US peace envoy to meet North's parties

US President George W Bush’s new adviser on Northern Ireland is to meet parties next week as they embark on a review of the Good Friday Agreement.

US peace envoy to meet North's parties

US President George W Bush’s new adviser on Northern Ireland is to meet parties next week as they embark on a review of the Good Friday Agreement.

Mitchell Reiss, who was announced last December as the replacement for Ambassador Richard Haass, is expected to be ratified this weekend as the President’s new peace process envoy.

He is due to arrive in Belfast on Monday where he will meet politicians taking part in the review of the 1998 peace accord which begins next Tuesday.

US officials insist Dr Reiss will be “in a listening mode”.

The review will be chaired jointly by British and Irish ministers and will involve all parties elected to the Northern Ireland Assembly last November.

The Rev Ian Paisley’s Democratic Unionists are hoping to secure radical changes to the Agreement during the process which could last until Easter.

The party wants a smaller Assembly, less government departments at Stormont and major changes to the way Northern Ireland is ruled under devolution.

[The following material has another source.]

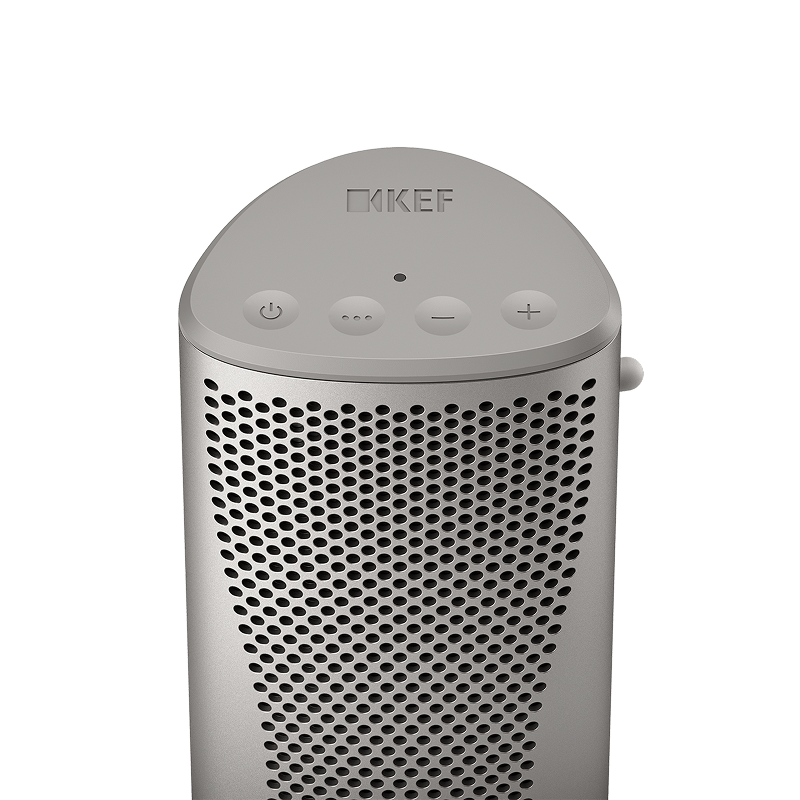 muo_sp4105g2_product__front-top KEF Muo nešiojama belaidė kolonėlė – Amber Haze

The cross community Alliance Party is also proposing radical reforms, including changes to the Assembly’s voting system.

However, Sinn Féin and the nationalist SDLP have insisted the review should not be treated as a rengotiation of the Agreement.

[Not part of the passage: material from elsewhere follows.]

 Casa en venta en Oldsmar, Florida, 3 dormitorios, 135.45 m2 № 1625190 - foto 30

Both parties have called on London and Dublin to signal to the DUP that the Agreement will not be altered by pressing ahead with commitments they made in the Agreement and last year’s joint declaration.

Dr Reiss has extensive experience on nuclear disarmament and replaced Ambassador Haass as Director of Policy Planning at the State Department last year.

He has held a number of top academic posts and has published widely in the field of international affairs and arms control.

Having spent time working with the North Korean government on nuclear disarmament, he is expected to focus on the issues of paramilitary decommissioning and attempts to restore the power-sharing administration at Stormont.

Dr Haass left the US government to take up a post with a top New York-based foreign policy think tank.

Sinn Féin president Gerry Adams became the first Northern Ireland leader to meet Dr Reiss during a visit to Washington last week.